Today we talked about the structure of language and about syntax.

We learned that the constitutive relations of the structure of language are structural relations, semiotic relations and the different ranks.
Syntagmatic and paradigmatic relations form the structural relations. Syntagmatic relations are combinatory relations, building bigger units (signs) from smaller units (also signs), while paradigmatic relations are classificatory of similarity and difference between signs.
Semantic relations on the other hand are concerned with the realisation and interpretation of signs.

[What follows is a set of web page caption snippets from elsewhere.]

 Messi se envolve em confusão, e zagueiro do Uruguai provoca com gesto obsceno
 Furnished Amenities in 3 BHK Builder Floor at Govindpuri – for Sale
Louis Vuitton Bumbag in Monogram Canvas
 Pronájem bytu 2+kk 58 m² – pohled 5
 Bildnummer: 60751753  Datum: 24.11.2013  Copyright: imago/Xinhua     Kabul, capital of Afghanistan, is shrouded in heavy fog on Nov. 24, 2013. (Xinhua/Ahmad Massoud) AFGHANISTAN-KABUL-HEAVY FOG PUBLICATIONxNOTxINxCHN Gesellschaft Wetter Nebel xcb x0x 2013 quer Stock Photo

We have discussed especially the fact that syntagmatic and paradigmatic relations occur in all kinds of ranks (positions in the hierarchy of signs), including for instance phonology, morphology and syntax. One example are the structure and the syntagmatic relations of syllables, which consist of an onset (the front part of the syllable), and a nucleus and a coda, forming the rhyme.

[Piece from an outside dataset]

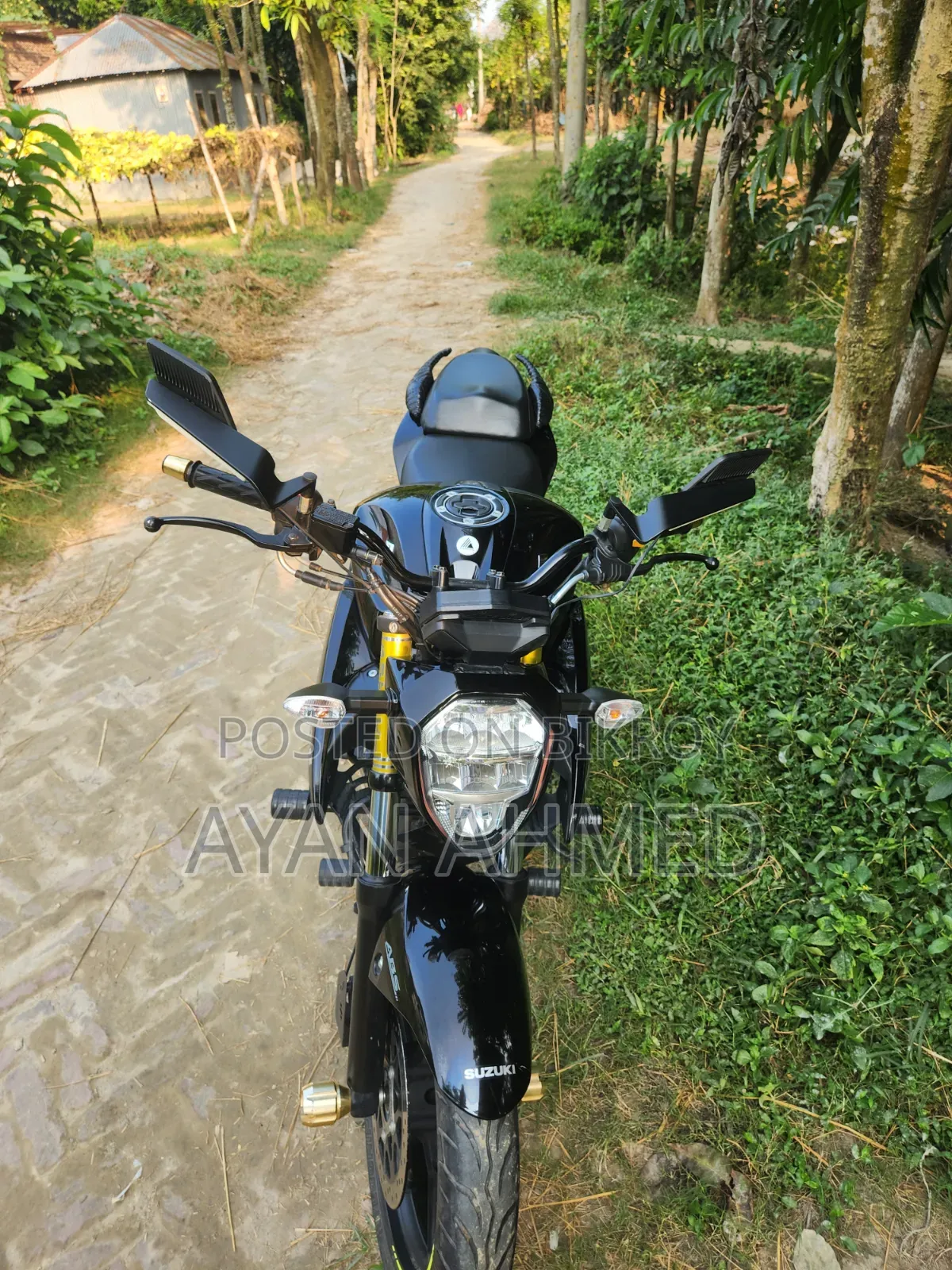সুজুকি জিক্সার ২০২৫ কালো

Moreover, we focused on the above mentioned sign hierarchy. The positions in this hierarchy are referred to as ranks, the main ranks being dialogue, monologue / text, sentence, word, morpheme and phoneme All signs at each of these ranks have an internal and external structure, as well as semiotic relations (acoustic representation, meaning,… ) .

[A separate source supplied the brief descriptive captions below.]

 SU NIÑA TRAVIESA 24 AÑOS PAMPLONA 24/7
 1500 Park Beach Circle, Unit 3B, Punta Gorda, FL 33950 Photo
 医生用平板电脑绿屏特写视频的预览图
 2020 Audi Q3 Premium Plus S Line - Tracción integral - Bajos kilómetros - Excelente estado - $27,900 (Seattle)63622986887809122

In addition to this, we discussed the topic syntax. There are nine categories that form the different parts of speech These are: nouny categories (determiners, adjectives, nouns, pronouns), verby categories (verbs and adverbs) and glue categories (prepositions, conjunctions and interjections).

Identify the syntagmatic relations in the following constructions:

-/frIdZ/, /streIts/, / prE@r /

onset nucleus coda

f         rI        dZ
str      eI        ts
p        rE        @r

– “three people saw a woman and her dog in the shop”

subject : three (quantifier) people
verbal: saw
object: a woman
conjunction: and
object: her dog
localizing adverb: in the shop

Identify the paradigmatic relations in the following sets (describe similarities and differences):

– {/p/, /t/, /k/}
-all are voiceless plosives, but with different places of articulation (/p/ is bilabial, /t/ alveolar and /k/ is velar).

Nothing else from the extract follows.